In 2012, Major League Baseball implemented a policy of what was and wasn’t acceptable on social media platforms. The policy clarified that racism, sexism, and homophobic comments weren’t acceptable, just in case players were not already clear on that. The policy also told them what they could and should do.

The policy states that players are encouraged, among other suggestions, to "work with management or club officials to conduct unique promotions," and "interact with fans."

Promoting is something that major league players don’t necessarily need to do. They get product contracts and with so many fans, they can mention an event or interest and they’re reaching thousands. Not every guy in the minors has that kind of connection yet. On the other hand, they can sometimes forgetting that eyes are upon them. The policy might seem hokey in also including a reminder that what they’re putting online is not private, but there are players who don’t grasp that or, possibly, don’t care.

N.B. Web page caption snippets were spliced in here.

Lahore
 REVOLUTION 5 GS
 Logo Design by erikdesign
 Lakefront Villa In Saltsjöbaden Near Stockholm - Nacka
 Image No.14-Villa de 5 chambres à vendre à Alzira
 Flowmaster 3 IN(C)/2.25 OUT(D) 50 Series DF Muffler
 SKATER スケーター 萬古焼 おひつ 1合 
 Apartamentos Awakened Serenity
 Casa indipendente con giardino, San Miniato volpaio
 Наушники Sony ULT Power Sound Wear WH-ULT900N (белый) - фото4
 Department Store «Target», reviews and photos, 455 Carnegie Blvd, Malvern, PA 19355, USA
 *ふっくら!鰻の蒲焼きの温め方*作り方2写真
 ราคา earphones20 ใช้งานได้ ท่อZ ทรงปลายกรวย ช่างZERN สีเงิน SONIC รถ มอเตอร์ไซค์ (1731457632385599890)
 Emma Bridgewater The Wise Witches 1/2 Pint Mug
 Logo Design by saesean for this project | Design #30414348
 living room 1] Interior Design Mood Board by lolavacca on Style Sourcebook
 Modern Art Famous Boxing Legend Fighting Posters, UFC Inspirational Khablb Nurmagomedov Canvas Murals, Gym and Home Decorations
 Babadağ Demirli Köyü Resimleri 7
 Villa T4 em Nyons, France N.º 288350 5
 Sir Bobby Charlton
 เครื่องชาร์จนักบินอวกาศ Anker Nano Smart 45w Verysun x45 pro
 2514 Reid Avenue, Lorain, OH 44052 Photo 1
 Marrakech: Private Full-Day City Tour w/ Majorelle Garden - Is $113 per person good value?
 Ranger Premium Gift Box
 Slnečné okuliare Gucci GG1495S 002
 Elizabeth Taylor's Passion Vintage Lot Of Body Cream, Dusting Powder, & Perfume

Many minor leaguers have fun with the platform, connecting with fans, sharing random thoughts on music and Chipotle, or posting Instagram photos . But for all those that make missteps on Twitter and Facebook, or keep it casual, others have taken a more focused approach, and in doing so, are building a brand.

In pitcher Michael Schlact’s case, he’s built a brand and delivered a very powerful message. Schlact, who played for the Wichita Wingnuts (of the independent American Association) in 2014, has embraced the position to reach 15,000 followers and been forthcoming about faith. While many players keep certain subjects off limits, Schlact has fully committed to what he feels is his calling.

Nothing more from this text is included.